Si les bars et les restaurants ont ouvert leurs portes le 11 mai dernier, ils risquent bien de se refermer à l’approche supposée de clusters épidémiques. Malgré les gestes barrière et le port du masque, la Croatie risque bien de connaître un été difficile. Et c’est une grande partie de l’économie du pays qui risque de souffrir, soit le tourisme qui représente 20% de l’économie nationale. Car l’économie croate souffre encore et toujours, il suffit de voir l’état des transports, où l’absence de développement du réseau ferré laisse la place à un lobby du transport routier qui impose le déplacement par autocar dans tout le pays, soit des voyages chronophages rebutants.

Face au risque possible d’épidémie, le secteur balnéaire risque d’en pâtir, malgré la mobilisation des responsables du tourisme croate. Si l’été croate est choyé par les touristes allemands et autrichiens, aussi par les proches voisins balkaniques, l’apparition de clusters pourrait provoquer la désertion des touristes sur la côte croate, tant le secteur médical croate laisse encore et toujours à désirer.

Quant à l’économie elle-même, la crise à venir voit déjà le spectre du chômage devenir réalité, quand on sait que l’épidémie de coronavirus et le tremblement de terre ont été des facteurs déterminants pour des milliers de Croates. C’est donc un avenir difficile qui se profile pour ce très beau pays, mais une suite logique au départ de près de 300.000 Croates qui ont quittéle pays l’année dernière, faute de perspectives d’avenir. Tout ceci ne présageant rien de bon pour les élections législatives.

Des élections imprévisibles

Si la Croatie a terminé sa présidence de l’Union européenne en juin dernier, cette dernière n’a pas brillé dans le ciel européen. Lors des élections présidentielles, marquée déjà par une faible participation, en décembre 2019, le candidat social-démocrate et ancien premier ministre, Zoran Milanović avait "détrôné" Kolinda Grabar-Kitarović, qui s’était fait connaître durant la dernière Coupe du monde de football. Milanovic avait remporté la victoire avec 52,66 % des suffrages exprimés.

Mais cette élection avait vu l’arrivée d’un "outsider", le populiste Miroslav Škoro. Miroslav Škoro est très populaire chez les Croates. Il fut un chanteur reconnu qui avait soutenu le moral du peuple durant la guerre contre la Serbie, dans les années 90, avec une chanson qui est restée le symbole de la résistance et de la liberté retrouvée, "Ne dirajte mi ravnicu", "Ne touche pas ma plaine". Miroslav Škoro est aujourd’hui un homme d’affaire et un universitaire.

C’est donc dans cette élection très indécise de ce dimanche 5 juillet, qu’Andrej Plenković, le conservateur, devra affronter le social-démocrate Davor Bernardić, et tous deux seront face à Miroslav Škoro qui, bien que souverainiste, sera peut-être l’homme avec qui il faudra négocier pour la création d’un gouvernement stable en Croatie.
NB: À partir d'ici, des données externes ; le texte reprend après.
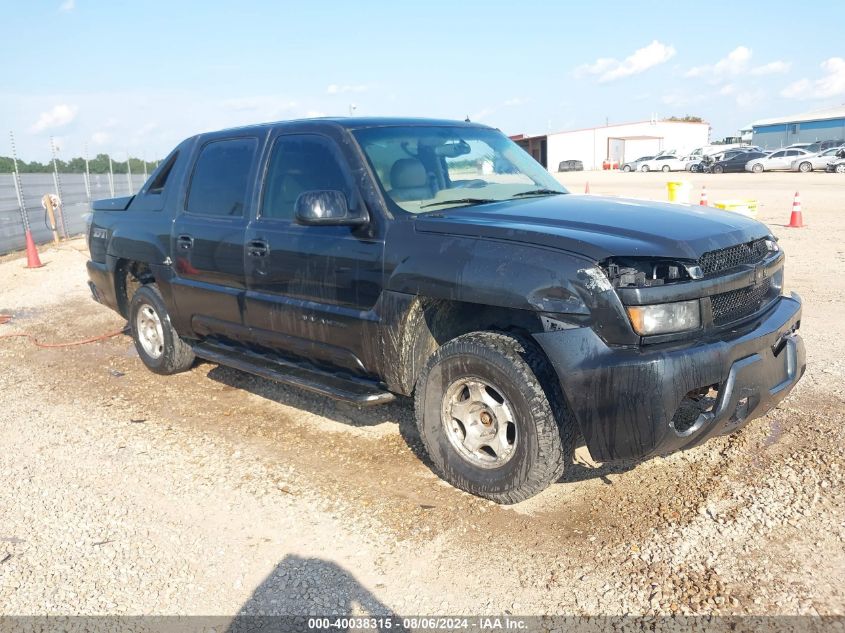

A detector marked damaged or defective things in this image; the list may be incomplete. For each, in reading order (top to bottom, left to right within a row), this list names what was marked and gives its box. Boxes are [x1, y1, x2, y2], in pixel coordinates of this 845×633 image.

cracked grille [696, 238, 768, 276]
broken headlight [628, 300, 700, 336]
cracked grille [712, 278, 772, 324]
damaged front bumper [536, 292, 804, 460]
Car Miroslav Škoro possède de très importants soutiens, tant dans les rangs de l’armée, des conservateurs ne croyant plus au parti HDZ historique, ainsi que dans la jeunesse croate qui désire fortement que le pays devienne adulte et soit un vrai partenaire des états membres de l’Union européenne.
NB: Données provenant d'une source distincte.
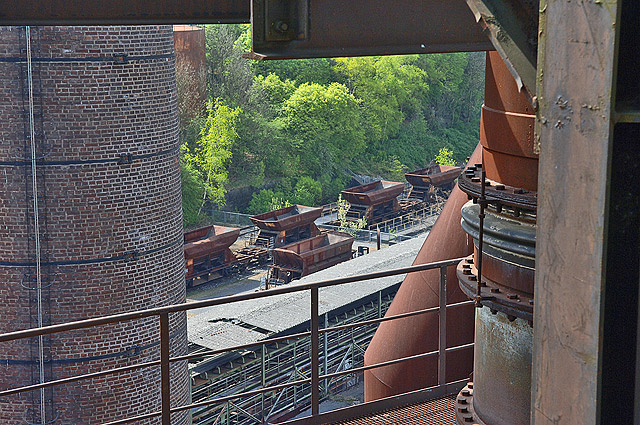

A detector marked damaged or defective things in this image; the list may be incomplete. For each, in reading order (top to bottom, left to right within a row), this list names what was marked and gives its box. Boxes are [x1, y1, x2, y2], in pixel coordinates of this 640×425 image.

rusty steel beam [0, 0, 249, 24]
rusty metal surface [0, 0, 251, 24]
rusty metal surface [248, 0, 492, 59]
rusty steel beam [248, 0, 492, 59]
rusty steel beam [462, 0, 536, 96]
rusty metal surface [482, 52, 536, 191]
rusty metal surface [342, 180, 402, 206]
rusty metal surface [532, 0, 624, 422]
rusted pipe [362, 144, 478, 400]
rusty metal surface [364, 144, 480, 400]
rusty metal surface [470, 306, 528, 424]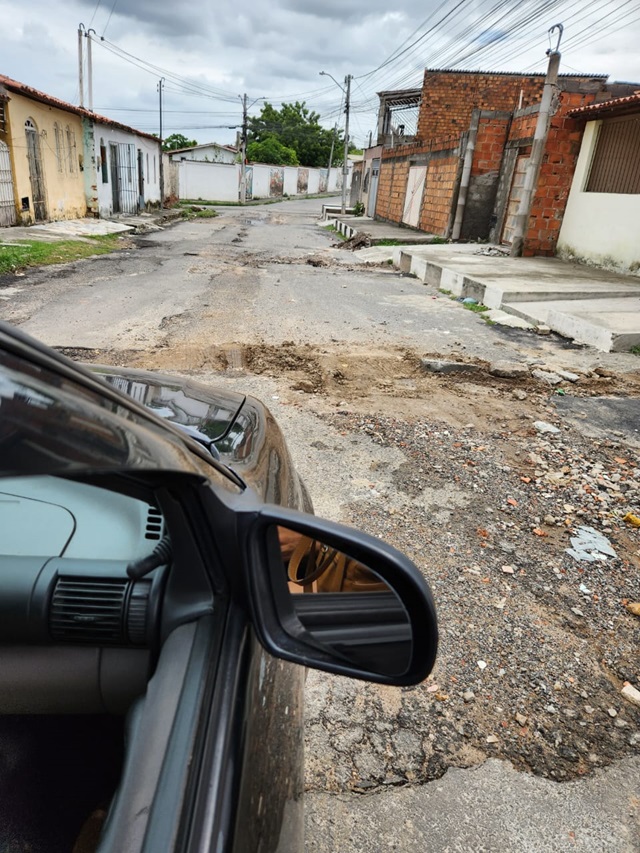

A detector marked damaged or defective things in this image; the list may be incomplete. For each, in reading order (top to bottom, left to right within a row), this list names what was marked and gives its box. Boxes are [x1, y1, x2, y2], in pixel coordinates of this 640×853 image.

Ce 5 juillet, les regards européens se porteront sur Zagreb

Ce sera ainsi une élection décisive pour l’avenir de la Croatie, qui dernièrement s’est fait connaître sur la scène européenne par l’élection de l’ancienne ministre des Affaires étrangères, Marija Pejčinović Burić, au poste de secrétaire générale du Conseil de l’Europe, une des femmes les plus promettantes du monde politique croate.